I'm sure you've heard, "I won't believe it 'till I see it."

In my case, it's been more of "I won't believe it 'till I feel it."

When I first came to college, it was nothing and everything like people said it would be. There were things I counted on (feeling free and independent, having a million and a half opportunities) and things I denied would happen (the distance in my former friendships and the deep rooting of sudden friendships, the loss of "Home")

Lately, as much as I hate to admit it, I've felt in between. Kind of how they describe ghosts as having unfinished business, not quite alive, but not quite dead. Except, less morbid than that. Eau Claire is not quite my home. Yet, Stoughton doesn't fit snugly the way it used to. My family is still there and I love them so, so dearly. But my bed doesn't feel right anymore. It doesn't feel like my bed. It feels like a loaner, while I'm "staying" in Stoughton.

I remember saying goodbye to DeeDee, or rather, one of the million times I said goodbye to DeeDee before actually saying goodbye to DeeDee, and she told me, "there will be a time when you'll come home and actually want to go back to school and see your friends." And I shook my head adamantly and told her that it wouldn't happen, that home would always have precedence. That my friends at home would always mean more to me than the people I met at school. How I could tell her that and believe it, I'm not sure. Maybe I didn't quite believe it.
But I know that whenever I leave for school now, I'm ok with coming back. Because I have family here too. I have friends that care about me, that listen to all my silly rants and make me laugh harder than I have in a long time.
To put it in a term that I haven't used in a long time, I have a ka-tet here. Sorry for those of you who haven't read Stephen King (Mom) but I can't put it any better. There's some kind of connection between Kirsten, Caitlin, Shauna and I (...deeper than Twilight...) that has made this so much easier. I have other great friends as well, ones that are beginning to know me better than people at home know me.

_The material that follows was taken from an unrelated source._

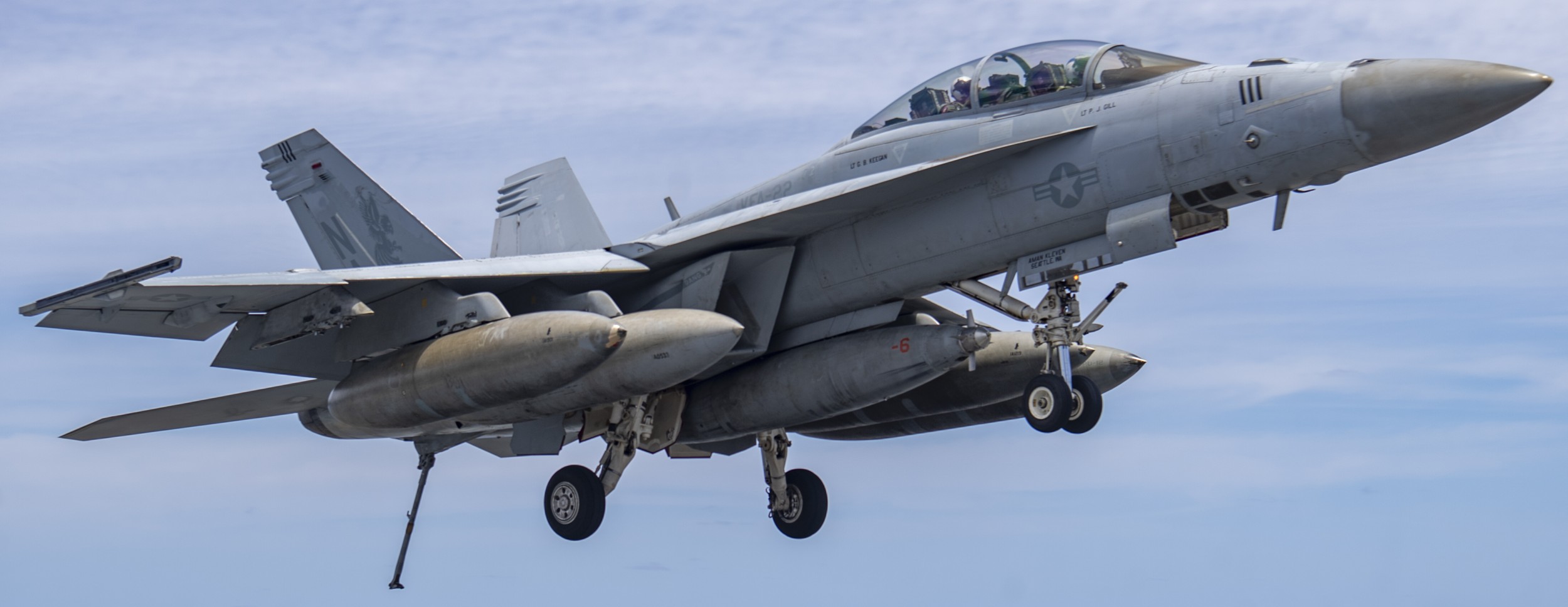 vfa-22 fighting redcocks strike fighter squadron f/a-18f super hornet cvw-17 cvn-68 uss nimitz 162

How crazy is that?
The transformation is happening.

And at the same time, I feel so guilty to be leaving things "behind". Sounds stupid, but when I hear about people I know not coming back to our hometown, not keeping in touch with their friends, not speaking to their family, I cringe a bit. I think, "how stupid is that? to leave behind something that means so much, people that are supposed to mean so much." I really don't want to do that. I am still very much attached to my awesome friendships. Vegan Thanksgiving Saturday night was absolutely AMAZING. It made me realize that people don't find relationships and just plain AWESOME people like that everyday. I'm lucky to have such unique, bright, colorful people in my life. I'm still attached to my house, my room, even my "loaner" bed. (Maybe it won't feel like such a loaner this summer...) No weekend or break thus far has kept me at home long enough to make me feel like it was my home. Ugh. And of course, no matter where I go, my family will always be family. So...this paragraph was a bunch of soupy logic, but I think the basic point was 1) I don't want to leave things behind just yet, or ever. 2) I love stuff.

I recall the stories from my friends that are years ahead of me in school and can draw some pretty big similarities. And even if I can't call those people up, or possibly explain to them what I'm feeling, I'm at ease knowing that there are people I know that have gone through this before.


And to keep you up on the less important things,

Current Reading List:
1. Ishmael - Daniel Quinn
2. Everything Must Change - Brian McLaren (read those two side by side and you'll have an amazing experience. They unintentionally compliment each other in so many ways)
3. Twilight Saga - Stephenie Meyer (clearly, you should read them)

Current Music List:

1. Sufjan Stevens
2. Down the Line (oy. It never stops.)
3. David Gray (funny, anyone remember when I used to hate David Gray? He's grown on me in exponential amounts since Kaitlyn gave me that song "You're The World to Me")
*also download "Never Think" by Rob Pattinson and tell me what you think. There's something I like about the quality of his voice that I can't quite pinpoint...

Current Wish List:

1. Sleep
2. Captain Crunch
3. Chocolate


Tell me what's up with your life. I'm tired of talking about mine.